I am obsessed with my Mulberry Billie in grey. It goes with everything and looks really smart when I’m wearing it.  Has gold and silver hardware and is very roomy. I’ve been thinking about the black one since I got the grey one too!
I also have a Darley, Amberley clutch and a hampstead (this comes in as a close second on my most used Mulberry bags!)


----------



## arika111orange

katyc1985 said:


> I am obsessed with my Mulberry Billie in grey. It goes with everything and looks really smart when I’m wearing it.  Has gold and silver hardware and is very roomy. I’ve been thinking about the black one since I got the grey one too!
> I also have a Darley, Amberley clutch and a hampstead (this comes in as a close second on my most used Mulberry bags!)


I would love to pictures of your Billie!!


----------



## katyc1985

Oh I’ll definitely take and post some!!


----------



## Katinahat

katyc1985 said:


> Oh I’ll definitely take and post some!!

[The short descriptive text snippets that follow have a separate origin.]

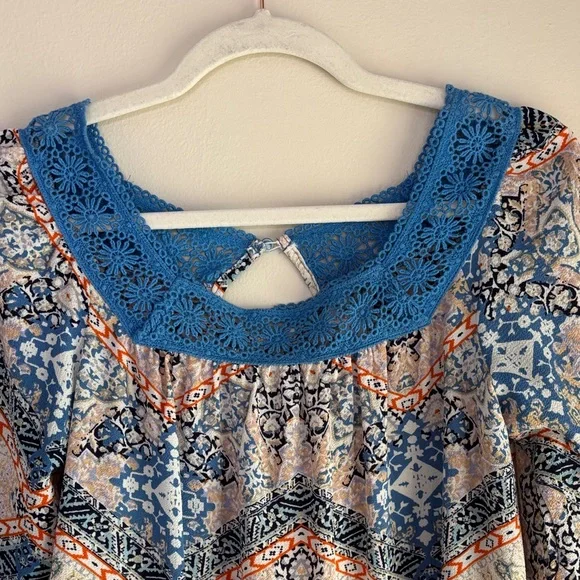 Xhilaration Blue and Orange Crochet Dress - Picture 3 of 4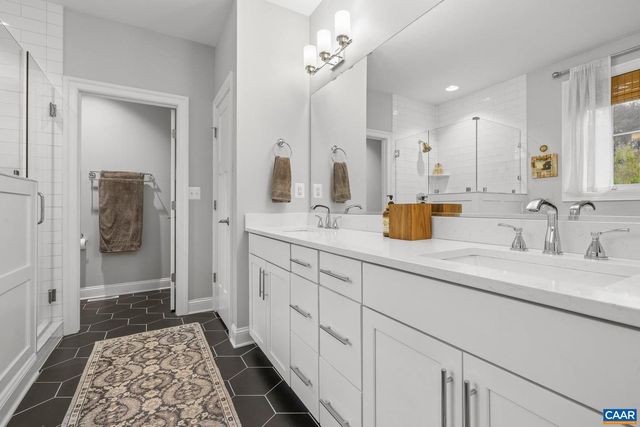 271 TWO RIVERS DR, Troy, VA 22974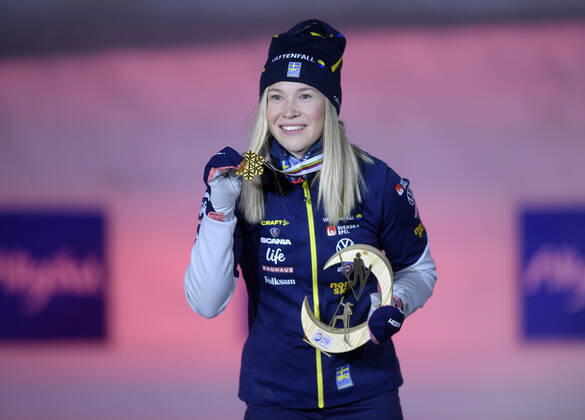 27.02.2021, Nordische SKI WM Oberstdorf 2021, Oberstdorf im Allgäu, Siegerehrung, Medaillienzeremonie, Langlauf Sprint Damen, Siegerehrung, gold Medaille an Jonna Sundling (Schweden),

I second the request for pics!


----------



## katyc1985

Here are some pics of the bag and of me using it out and about! Im really tempted to get the black too! I love it!


----------



## Katinahat

katyc1985 said:


> Here are some pics of the bag and of me using it out and about! Im really tempted to get the black too! I love it!
> 
> View attachment 5633622
> 
> 
> View attachment 5633623
> 
> 
> View attachment 5633624
> 
> 
> View attachment 5633626
> 
> 
> View attachment 5633627
> 
> 
> View attachment 5633629
> 
> 
> View attachment 5633630


Love it! What a easy style but elegant bag. It looks so good with your overcoat and converse. Glad yo hear and see you enjoying it so much!


----------